Hayatla aranıza koyu bir karanlık koyup bir ışığa doğru ilerlediğiniz bir cinsellikten konuşur musunuz sık sık?

Ortak konularınızdan mıdır bu?


Rahatınızı seviyorsunuz, değil mi? Huzursuz olmaktan hoşlanmıyorsunuz.

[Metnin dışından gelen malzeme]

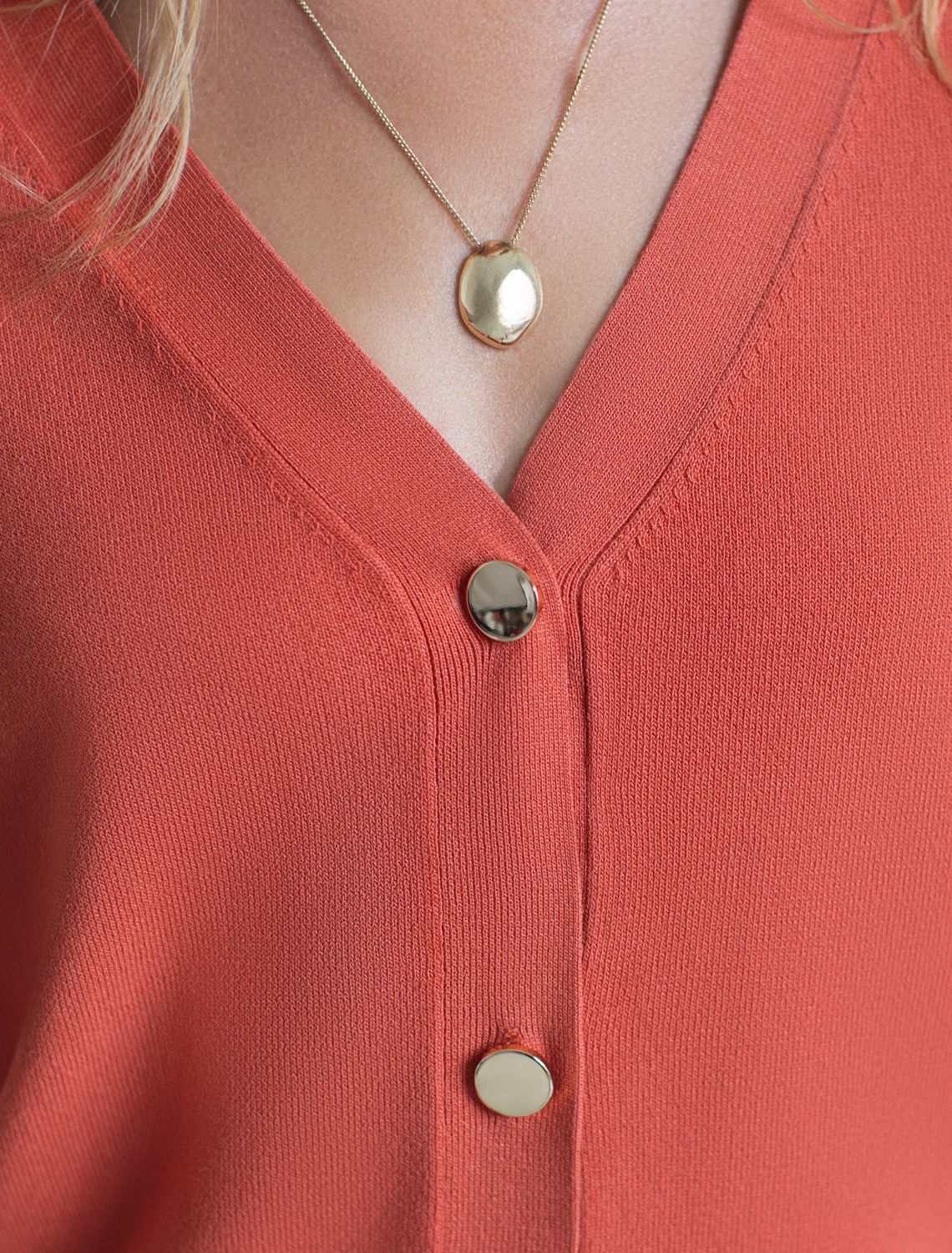 Жакет тонкой вязки из вискозы с нейлоном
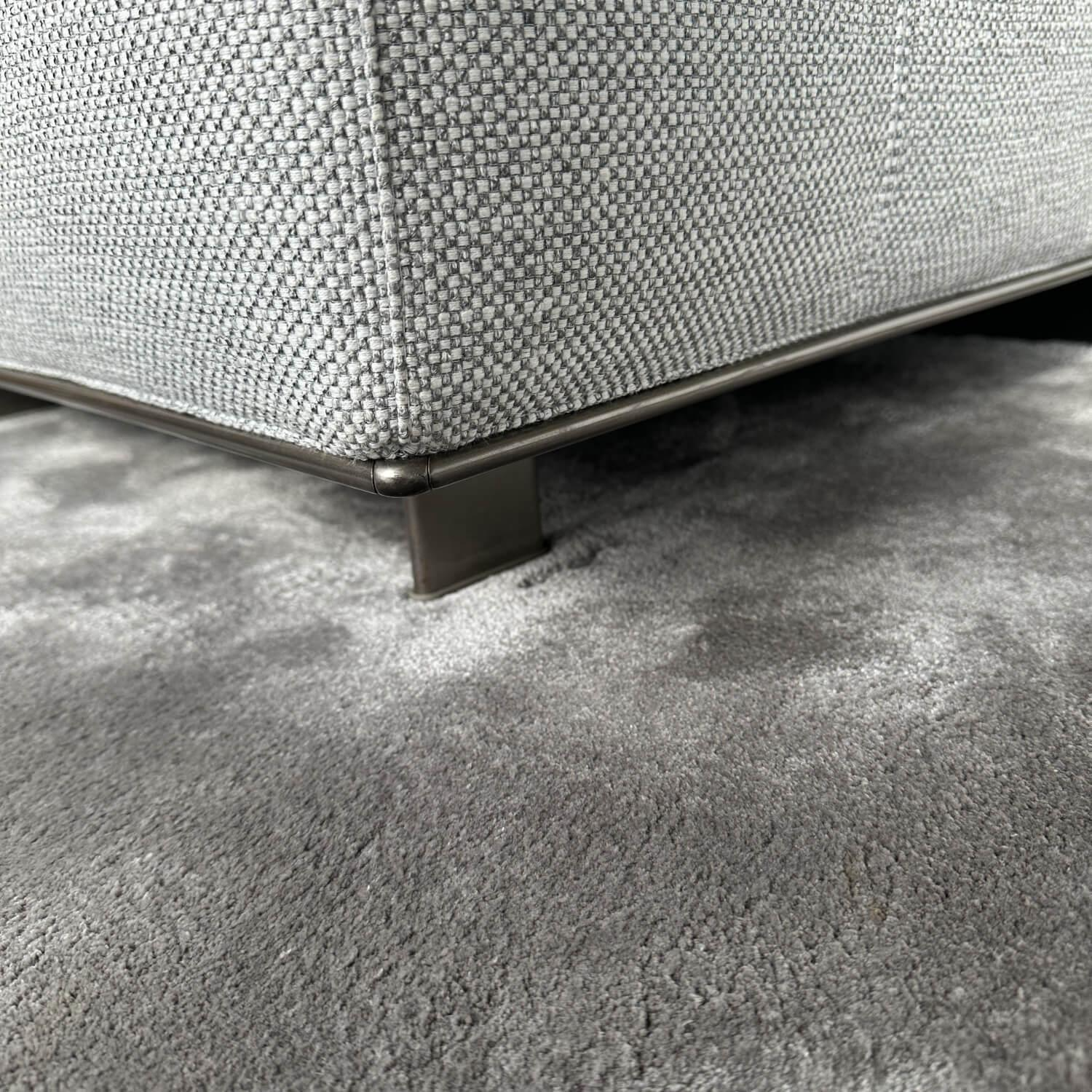 Minotti - Ecksofa Freeman Duvet T Wing Stoff Milennium 05 Ghiaccio Grau Inklusive Kopfstütze Und Hocker Freemann Pelle Aspen Stone Grey - 5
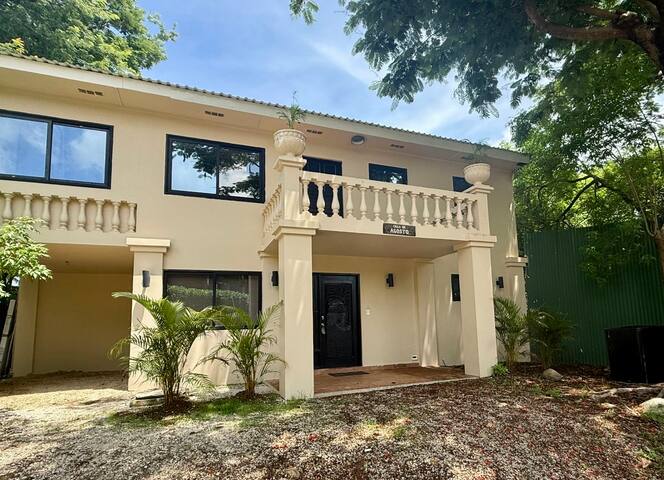 Surfer’s Villa 5 min walk to the beach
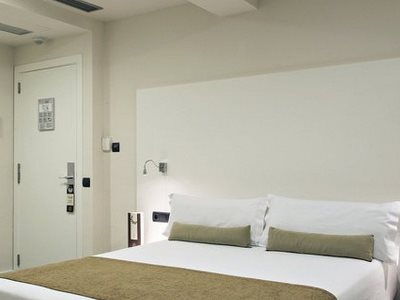 bedroom 5 - hotel bcn urbaness hotels del comte - barcelona, spain
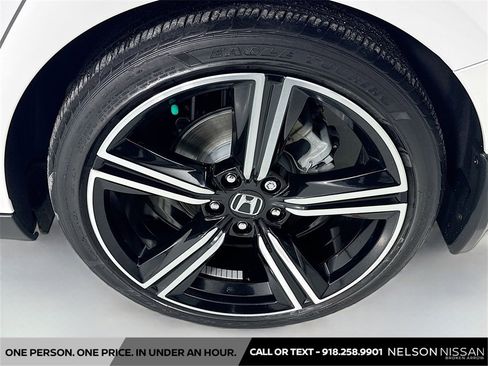 Used 2023 Honda Accord Sport image 28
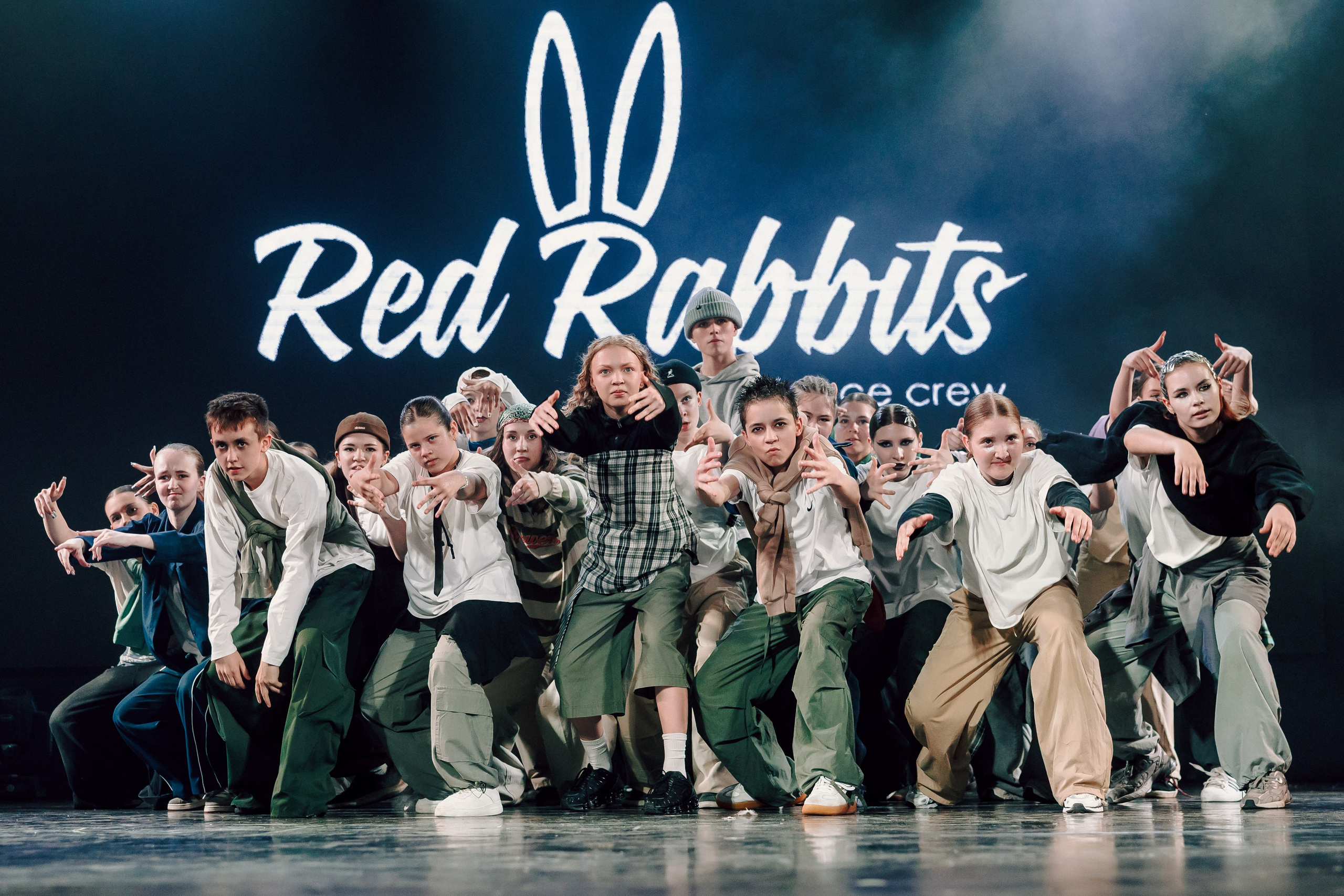 Отчётный концерт танцевальной школы «Red Rabbits» 2025. Лёшка Варзегов — фотограф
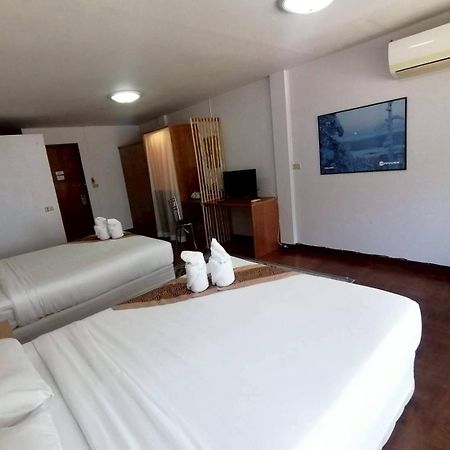 Beachfront Hotel Cha Am Ча-Ам Екстер'єр фото
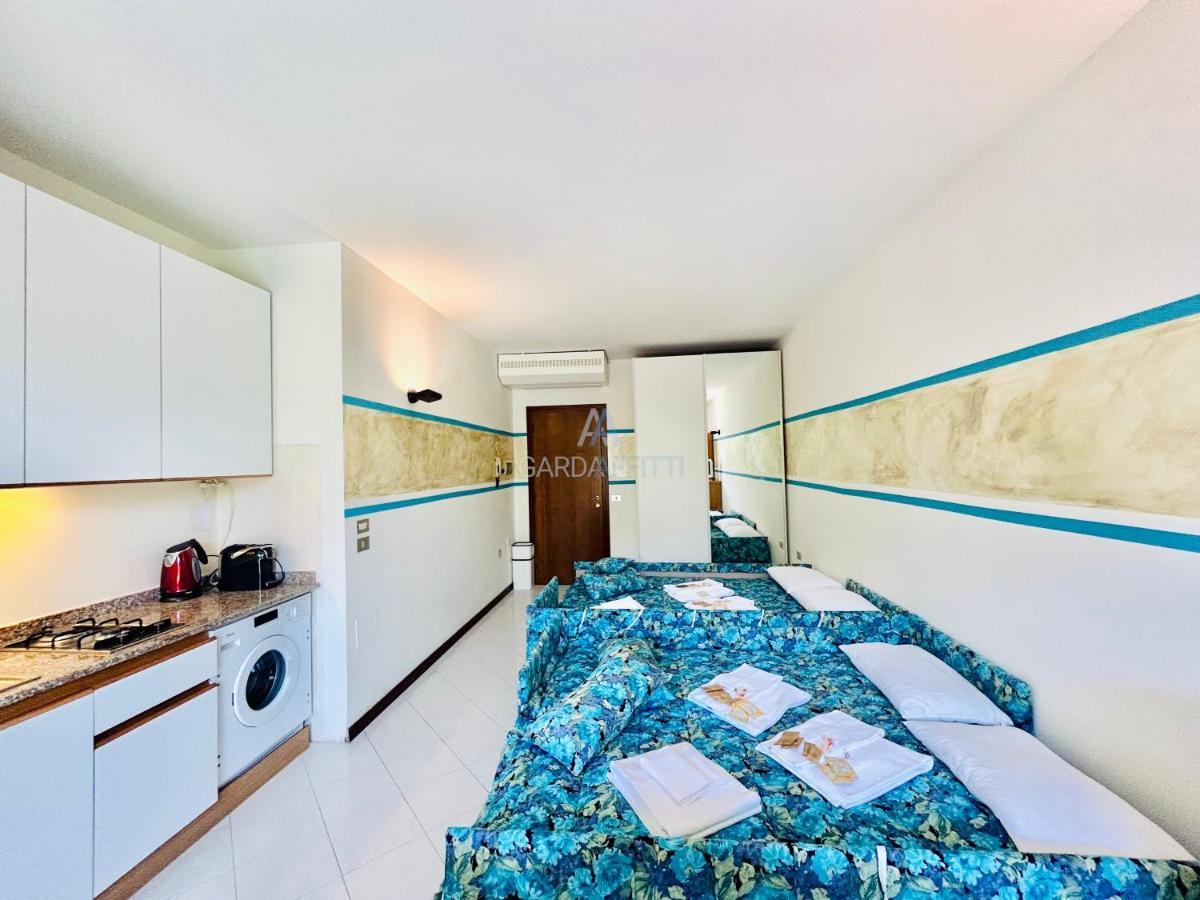 Perseo Apartment - 200M Dal Lago Di Garda Sirmione Exterior photo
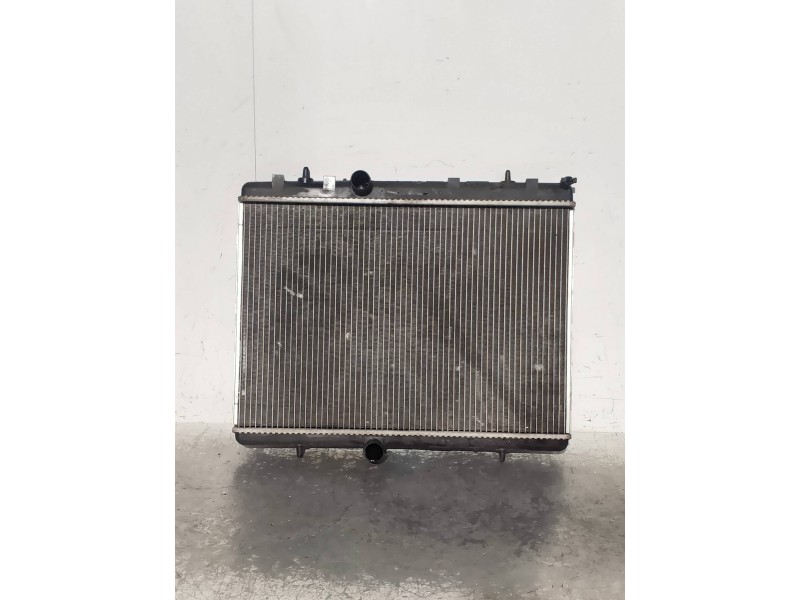 Recambio de radiador agua para peugeot 308 confort referencia OEM IAM 993746N 9657576580 VALEO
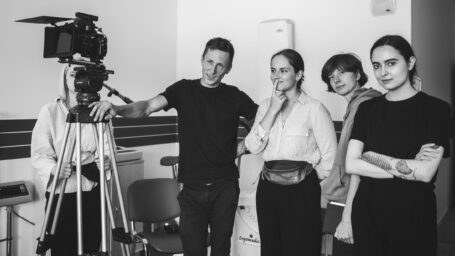 Режиссер игрового кино: как снять кино без денег в России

Küçücük, kenarlarına çıkartmalar yapıştırılmış bir havuzun içinde oturup okyanusta olduğunuza inanmak istiyorsunuz.

‘Ben havuzumda oturayım,’ demek istemezsiniz, okyanuslara çıkıp borayla, fırtınayla, canavarlarla uğraşmak da istemezsiniz.

Ne istersiniz?

Havuzda oturup okyanusta olduğunuzu sanmak.

Ne kadar masum, ne kadar çocuksu, ne kadar anlaşılır bir ‘yanılma’ isteği.

Yarattığı sonuçların böylesine korkunç olabileceği kimin aklına gelir ki?

İnsanlar, biliyorsunuz, yanılgıların etrafında öbeklenerek kalabalıklaştıklarında küstahça bir güven duygusu geliştirirler.

Kendi yanılgılarının ‘tek gerçek’ olduğuna inanırlar.

Bu yanılgıları paylaşmayanların ise ya aptal, ya sapkın ya da hain olduğunu düşünürler.

Sokrat, böyle insanlara gerçeği anlatmaya adamıştı kendini, hiç yıkamadan giydiği pis entarisi ve çirkin yüzüyle onlara sokaklarda musallat olur, sorularla bunaltıp kendi yanılgılarıyla yüzleşmelerini sağlardı.

Sonunda onu öldürdüler.

Çünkü herkes yanılgılarla ördüğü, kalabalıkların desteğiyle ‘sağlamlaşmış’ duvarlarının içinde yaşayıp, çok akıllı ve derin bir hayat sürdüğüne inanmak istiyordu.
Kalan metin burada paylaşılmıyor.